* _DATA TO USE_

○ ○ ○

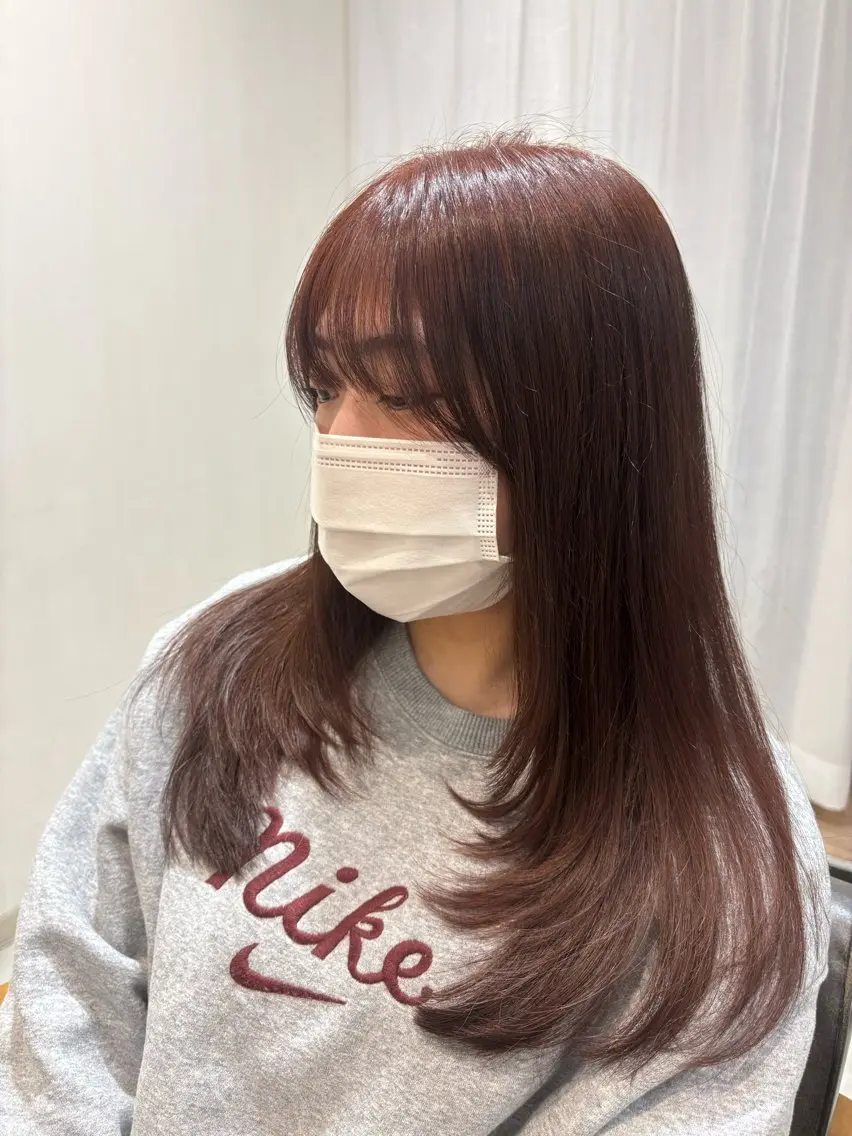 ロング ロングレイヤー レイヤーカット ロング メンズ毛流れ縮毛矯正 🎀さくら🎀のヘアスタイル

○ ○ ○

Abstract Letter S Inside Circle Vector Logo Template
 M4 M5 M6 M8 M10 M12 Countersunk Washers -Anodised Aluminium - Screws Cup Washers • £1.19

○ ○ ○

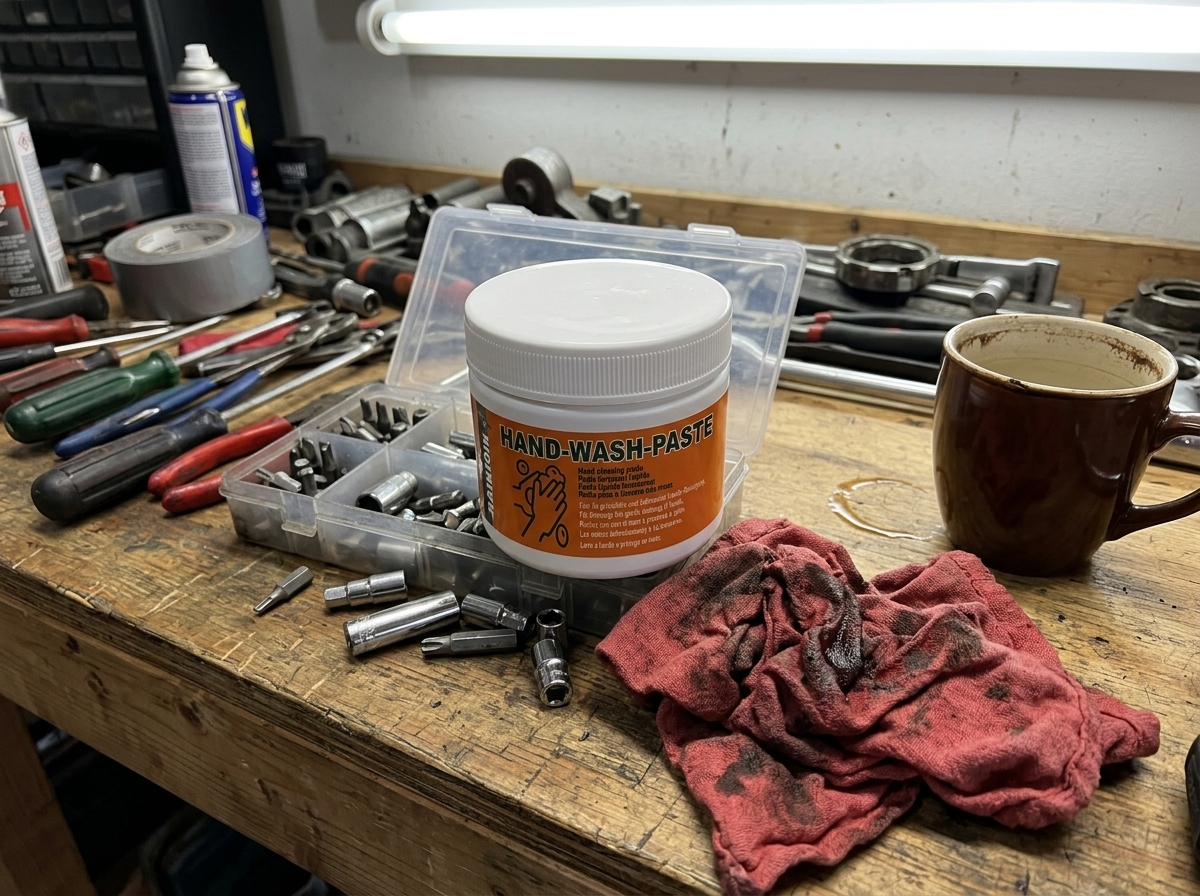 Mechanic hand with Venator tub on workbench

○ ○ ○

* _WHAT TO PRODUCE_
From the entries above, give again exactly the lines running from the line with "Abstract Letter S" to the line with "M4 M5 M6 M8"; include both of those lines.

* _EXERCISE OUTPUT_
Abstract Letter S Inside Circle Vector Logo Template
 M4 M5 M6 M8 M10 M12 Countersunk Washers -Anodised Aluminium - Screws Cup Washers • £1.19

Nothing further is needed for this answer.